Child injuries and deaths trigger debates on whether their custodians should succumb to criminal liability
 NO. 13 MARCH 30, 2017

(LI SHIGONG)

Two children fell from the fourth floor in a shopping mall and died in late February in the northern city of Tianjin. One of them was 5 years old and the other was 2; they were sister and brother. At the time of the incident, their father was holding one in each arm beside a glass fence. Suddenly, one child fell, and as the father tried to catch him, the other child also slipped from his grasp.

This accident has brought an old topic back into the limelight. What kind of accountability should custodians assume for negligence-caused child injuries and deaths? In March, 13 members of the National Committee of the Chinese People's Political Consultative Conference, China's top political advisory body, submitted a proposal suggesting that custodians should be held criminally accountable for injuries or deaths to children caused by their negligence.

In China, these custodians are seldom required to take legal liability. Mostly, it's out of moral and emotional considerations: Although their mistakes have led to injuries or harm of their children, they themselves are also victims, who may have to pay a huge price for their negligence. Some, however, believe it's necessary to hold them legally accountable in order to encourage parents to be more careful about their children's safety.

Meanwhile, others believe that although custodians should bear responsibility for such incidents, whether it should be criminal liability or not still needs further discussion.

Criminal liability should be imposed

Shi Fengchu (Legal Daily): Actually, parents are also victims when their children are severely hurt or even killed due to their negligence. For the rest of their life, they'll live with remorse. However, in modern society a child's legal personality is independent of their parents. Children are not pets or personal property which parents can freely dispose of. They are independent living creatures. Moral denouncement and grief will not excuse them from legal liabilities. Parental nurturing, custody and protection are not only natural behaviors based on blood bonds, but are also unavoidable legal obligations.

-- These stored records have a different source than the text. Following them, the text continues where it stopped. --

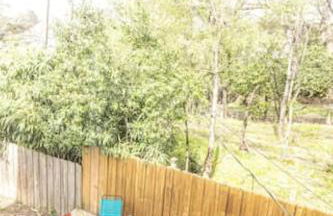 29th Street Trendy Lakeview Craftsman 8 - Foto 61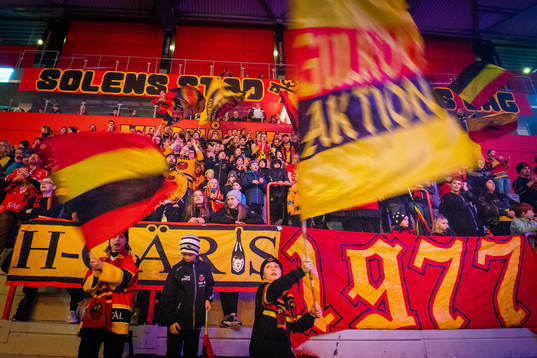 Luleås supportrar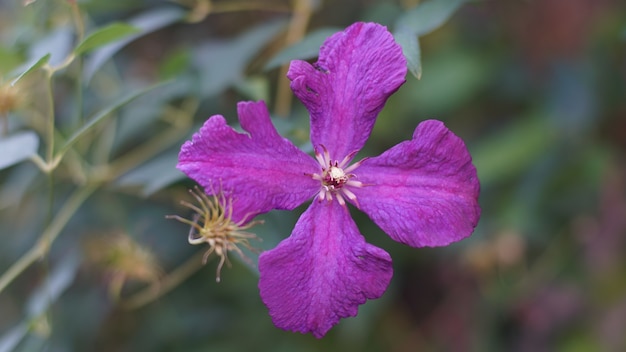 Free photo closeup shot of purple gilliflower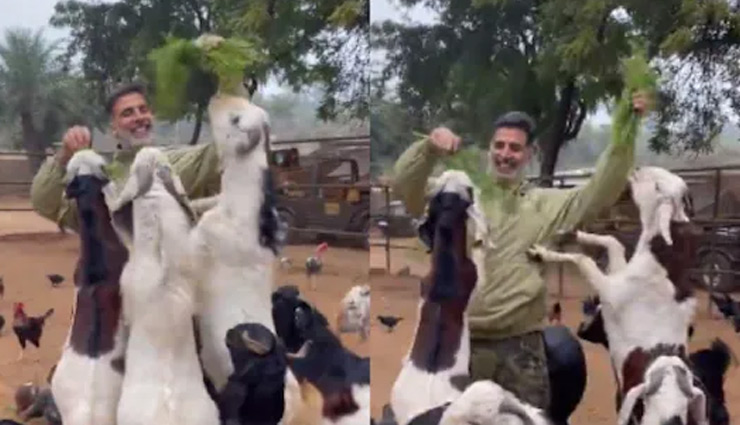 बकरियों के बीच घिरे अक्षय कुमार, वीडियो शेयर कर दिया ये खास मैसेज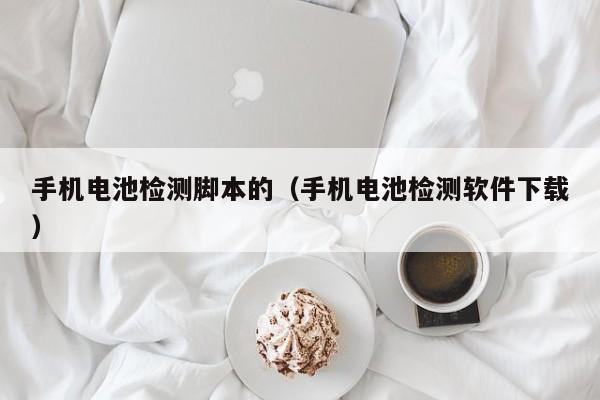 手机电池检测脚本的（手机电池检测软件下载）  第1张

In my opinion, when the time is ripe, it's necessary to hold careless parents accountable for negligence of duty, and even criminalize them.

Many Western countries pay more attention to parental responsibility in child custody. If their negligence of duty has led to accidents occurring to their children, parents may be deprived of the custodial rights in less serious cases and criminalized in serious cases. However, in China, parents will rarely be held legally accountable if their children are hurt or killed due to their negligence.

It's necessary to stress the custodial responsibility of parents, but as such cases are about whole families, they tend to be quite complex. Probably, there can be some pilot practices. In terms of less severe cases, giving the parents a warning, requiring them to learn custodial knowledge or temporarily stripping them of their custodial rights is enough, but parents should be held criminally responsible if their children are seriously hurt or even killed due to their negligence.

Wang Zhenyan (opinion.southcn.com): It is unreasonable that parents are not held legally liable just because they are the parents of the victims. More importantly, custodial negligence has already become a big "killer." From the perspective of child protection, it's high time to criminalize custodial negligence that leads to serious injuries and even deaths.

The fundamental reason for such negligence is the lack of a sense of responsibility on the part of certain parents. Some parents are too careless to notice danger approaching their children, some believe they can always escape such incidents by chance and some may have done something wrong. All these have led to grave results.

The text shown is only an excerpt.